O capitalismo como modo de produção depende crucialmente do apoio financeiro e tecnológico para a sua busca incessante pela acumulação de capital. Deste modo, a reformulação de uma ampla gama de setores económicos para regimes baseados em dados é uma expressão exemplar da vontade do capitalismo em aumentar o seu poder e lucro. Para ilustrar este debate, na secção seguinte exploramos a relação entre o comércio de vigilância e a mediatização com a ajuda do trabalho de Turow (2017).

Mediatização e comércio a retalho no contexto do capitalismo de vigilância

Empresas baseadas na Internet, como a Google, o Facebook e a Amazon, foram as principais impulsionadoras da nova lógica de acumulação e venda de dados. Por sua vez, a incorporação crescente de media nos processos sociais e no tecido da vida quotidiana está a contribuir para a expansão do novo modelo económico para o mundo físico e para as indústrias convencionais, como é o caso do comércio a retalho, que está a transformar-se ao caminhar de modo crescente para um regime orientado por dados. Joseph Turow alerta para o facto de o comércio físico ainda representar 90% de todas as compras, mas o novo modelo de negócios está a ser implementado por grandes retalhistas, como o Macy's, a Target e a Walmart (Turow, 2017, p. 3). Todavia, alguns usos da tecnologia discutidos nesta secção do texto também estão a ser integrados no modelo de negócio de empresas de comércio de média e pequena escala.

Até ao início dos anos 2000, o comércio físico olhava para a Internet como um mundo separado e o comércio on-line como um negócio a ser explorado de modo autónomo, distinto e em paralelo às lojas físicas. No entanto, a estratégia predatória que a Amazon começou a desenvolver alguns anos depois (Turow, 2017, p. 107) forçou uma mudança na mentalidade dos retalhistas que começaram a olhar para as lojas físicas como um lugar onde poderiam rastrear e acompanhar os seus clientes de um modo similar ao usado pelos vendedores digitais. Assim, na segunda década dos anos 2000, ao integrarem os mundos virtual e físico, o comércio a retalho entrou numa nova fase hipercompetitiva com os vendedores on-line e, em particular, com a Amazon. Este sector começou a transformar-se para funcionar como um espaço multi-local e com uma estratégia multicanal. Esta remodelação incluiu também um novo relacionamento entre comerciantes e compradores enquadrado por novas práticas de monitorização, pontuação, personalização e discriminação. A acumulação de características como a mobilidade, conectividade e acessibilidade colocaram o telemóvel no centro de novas estratégias desenvolvidas pelo comércio a retalho. O telemóvel tornou-se o canal de marketing mais importante para a comunicação personalizada e para impulsionar o comércio permanente, mas, principalmente, para desenvolver novas práticas de vigilância dentro das lojas e para capturar dados sobre os clientes. Turow assinala que isto significa que “o comprador, em vez do comerciante, trouxe a tecnologia de conexão para a loja” (Turow, 2017, p. 101).

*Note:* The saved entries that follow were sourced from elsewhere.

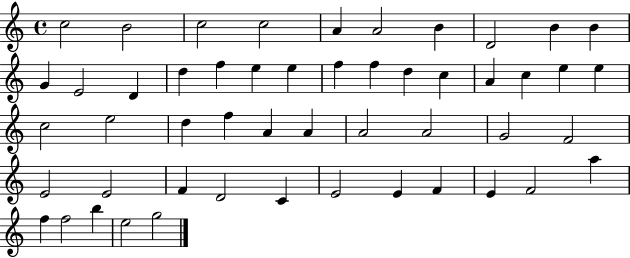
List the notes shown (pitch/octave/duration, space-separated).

C5/h B4/h C5/h C5/h A4/q A4/h B4/q D4/h B4/q B4/q G4/q E4/h D4/q D5/q F5/q E5/q E5/q F5/q F5/q D5/q C5/q A4/q C5/q E5/q E5/q C5/h E5/h D5/q F5/q A4/q A4/q A4/h A4/h G4/h F4/h E4/h E4/h F4/q D4/h C4/q E4/h E4/q F4/q E4/q F4/h A5/q F5/q F5/h B5/q E5/h G5/h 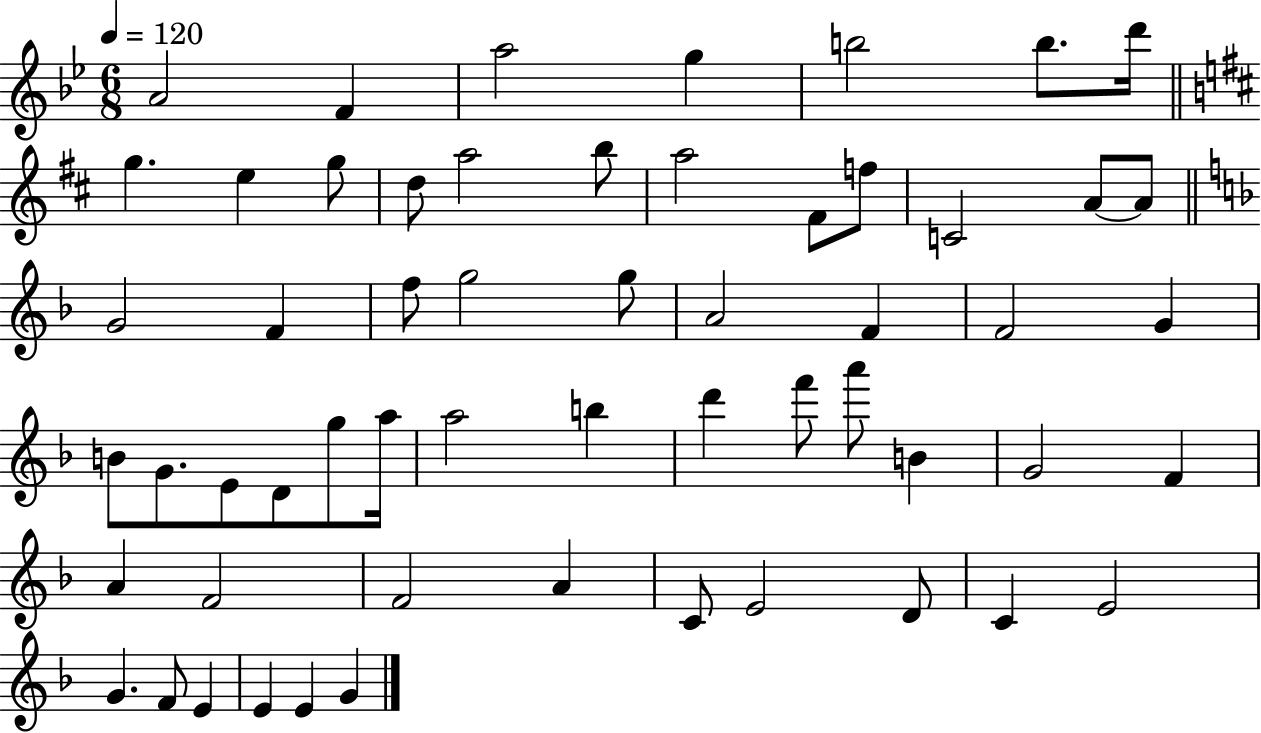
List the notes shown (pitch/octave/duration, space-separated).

A4/h F4/q A5/h G5/q B5/h B5/e. D6/s G5/q. E5/q G5/e D5/e A5/h B5/e A5/h F#4/e F5/e C4/h A4/e A4/e G4/h F4/q F5/e G5/h G5/e A4/h F4/q F4/h G4/q B4/e G4/e. E4/e D4/e G5/e A5/s A5/h B5/q D6/q F6/e A6/e B4/q G4/h F4/q A4/q F4/h F4/h A4/q C4/e E4/h D4/e C4/q E4/h G4/q. F4/e E4/q E4/q E4/q G4/q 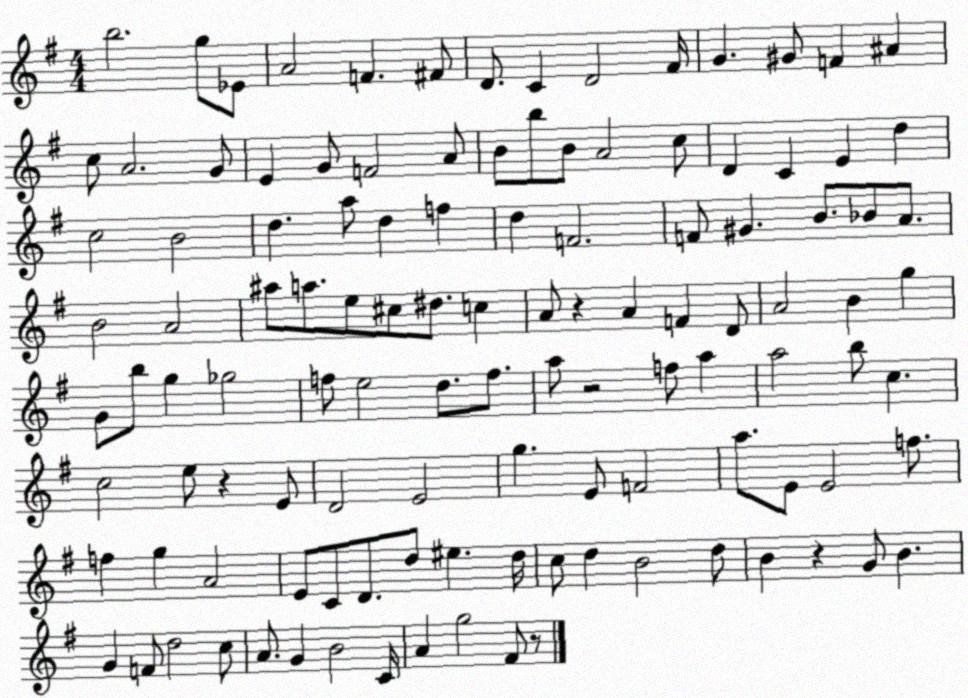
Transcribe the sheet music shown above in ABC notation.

X:1
T:Untitled
M:4/4
L:1/4
K:G
b2 g/2 _E/2 A2 F ^F/2 D/2 C D2 ^F/4 G ^G/2 F ^A c/2 A2 G/2 E G/2 F2 A/2 B/2 b/2 B/2 A2 c/2 D C E d c2 B2 d a/2 d f d F2 F/2 ^G B/2 _B/2 A/2 B2 A2 ^a/2 a/2 e/2 ^c/2 ^d/2 c A/2 z A F D/2 A2 B g G/2 b/2 g _g2 f/2 e2 d/2 f/2 a/2 z2 f/2 a a2 b/2 c c2 e/2 z E/2 D2 E2 g E/2 F2 a/2 E/2 E2 f/2 f g A2 E/2 C/2 D/2 d/2 ^e d/4 c/2 d B2 d/2 B z G/2 B G F/2 d2 c/2 A/2 G B2 C/4 A g2 ^F/2 z/2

A era das compras digitais introduziu, assim, novas práticas de vigilância, com determinados comerciantes a rastrearem clientes, a armazenarem informações sobre o seu histórico de compras (o que compram e quando) e a pontuá-los com base nesses e outros dados adicionais comprados a empresas especializadas, com ou sem a permissão, ou melhor dizendo sem o conhecimento explícito dos compradores. Com a ajuda dos telemóveis passou a ser possível rastrear e segmentar os compradores praticamente em qualquer lugar (Turow, 2017, p. 135). Por exemplo, com base na localização dos clientes é possível "determinar se o titular do telefone está numa área em que um anunciante deseja alcançar os compradores com uma mensagem" (p. 136).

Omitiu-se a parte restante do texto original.